Last Man Standing falls into a category of sitcoms – Traditional Masculine Man surrounded by women and/or New Age Man. Unsurprising, perhaps, as Allen’s hit Home Improvement seemed to fall into that category.. which is perhaps why I never gave that show a serious try, it’s not a category that I find attractive. I am neither that invested in the old form of masculinity nor that interested in laughing at it. However, within that category I will admit this one is relatively well done. Allen can deliver a line, he is supported by wife Nancy Travis who isn’t used to full effect in the opener, but shows she has the goods ready to use them; the girls playing their various daughters still need to prove themselves to me.
Allen plays a guy in charge of catalog content for a Bass Pro-like chain of stores, who finds himself having to adapt to being the Internet guy… which gives them an excuse to have him doing a vlog to really play the Basic Man role. They establish right off that he’s not dumb, nor uncaring, in ways that one can see as either humanizing the character or undercutting it; I’ll vote for the former in this case. (When the central character is really the central character, I want him to be human; it’s in cases like The Office where the show is really about people’s reactions to the central character where being nonhuman works.) (Oh, okay, that’s overstating. Black Adder is nonhuman, and that works. And they did humanize Michael Scott to an extent, by making him a good salesman… although to me, that helped not by humanizing, but by making it more comedically tragic, the Peter Principal writ large.)
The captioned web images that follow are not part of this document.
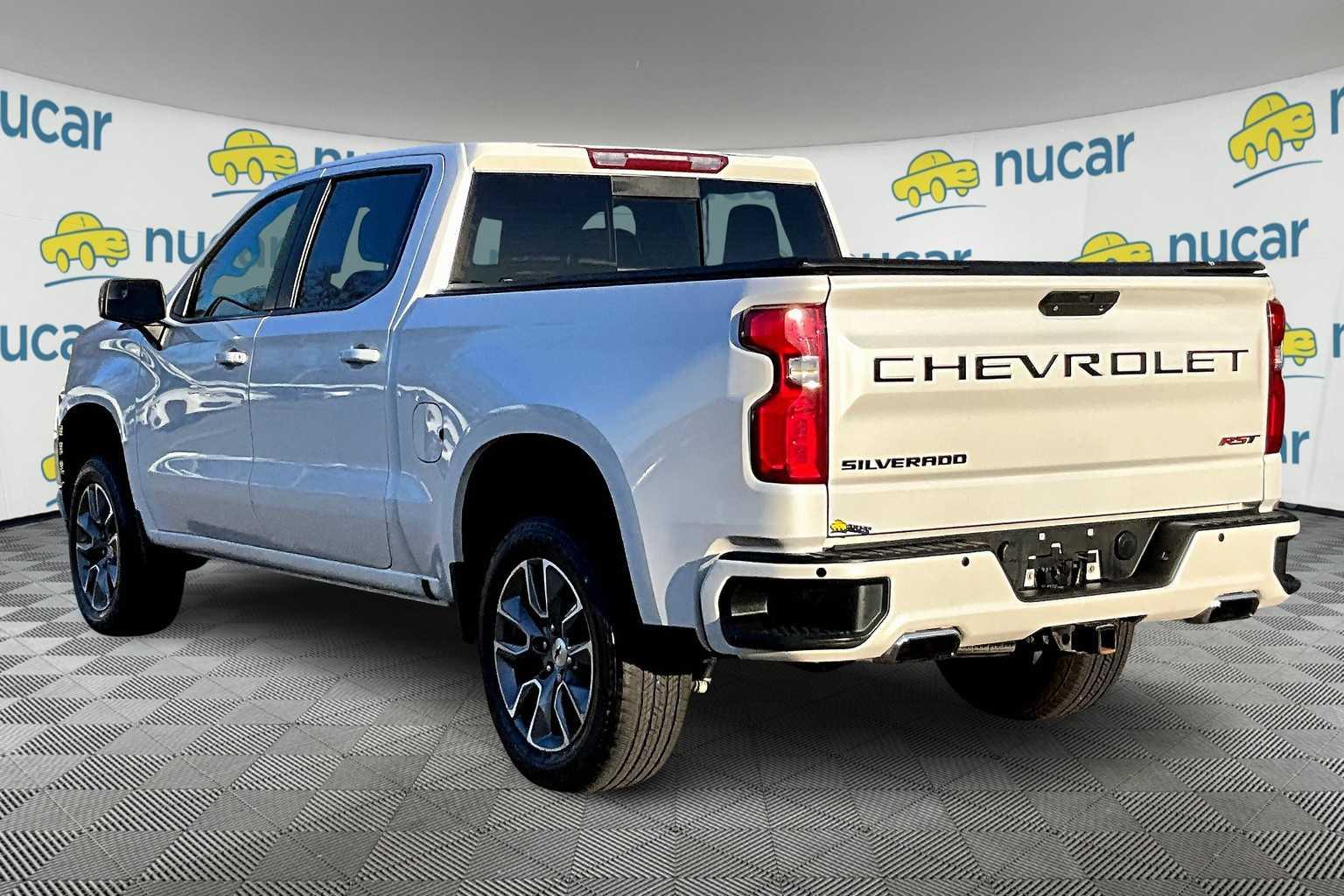 2020 Chevrolet Silverado 1500 RST - Photo 4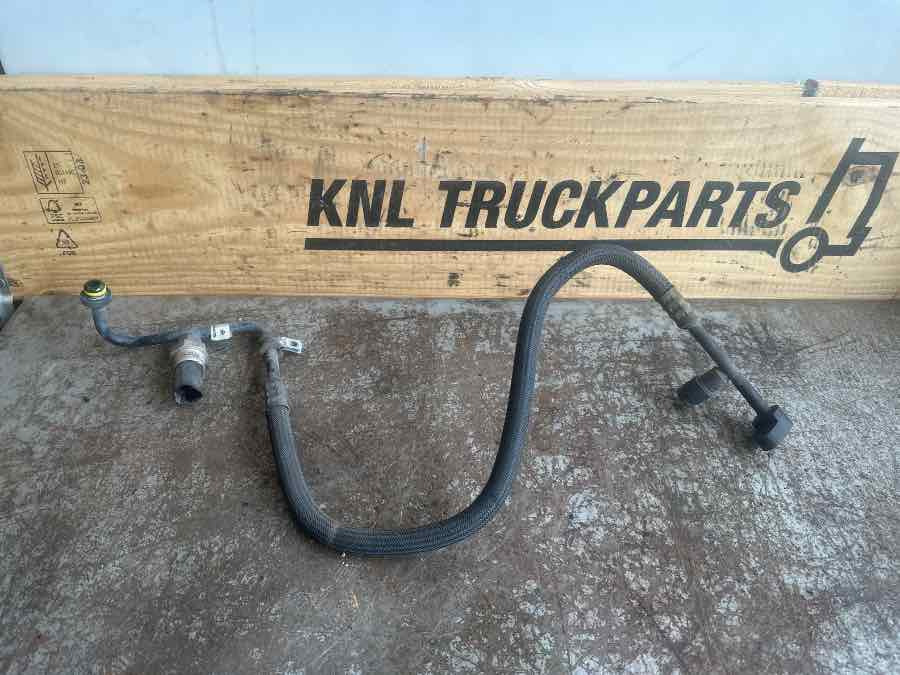 SCANIA AC PIPE 2373437 - Tuyau d'admission d'air: photos 1 SCANIA AC PIPE 2373437 - Tuyau d'admission d'air: photos 1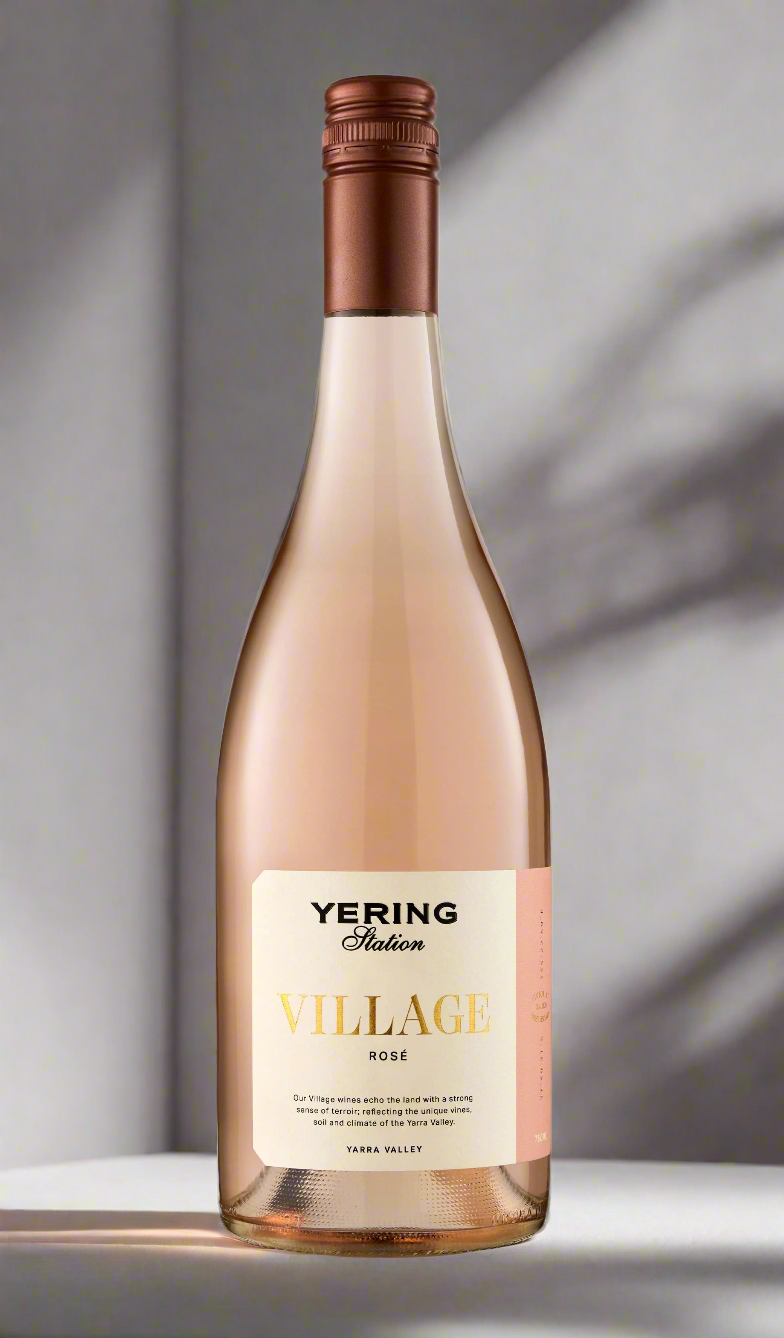 Find out more or buy Yering Station Village Rose 2024 (Yarra Valley) online at Wine Sellers Direct's best prices - Australia’s independent liquor specialists.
And there are lots of little things to like. Hector Elizando playing the boss is a good example of this; Hector is just inherently likable (and I felt that even before he once said “hi” to little ol’ me!) and he brings good skills to his role; you can feel he must be the founder of the company, he’s the sort of quirky guy that would go off and start something with his own personailty, rather than the business-school polished type you’d want when you hired someone to take his place. And then there was that little moment when Allen interjects the phrase “…and beyond!” into the conversation, and that’s a cheap good thing because it pulled us out of the story for a second, made us hear that echo of Buzz Lightyear, perhaps spend a half second thinking about how unexpectedly right the casting of Mr. Lightyear was all those years ago, rather than glory in whatever joke was going on on screen. But still, a smile, it counts.
So, not quite my cuppa, but a respectably made cup nonetheless that I may watch some… and if it sounds like it might be your cuppa, definitely watch some as well!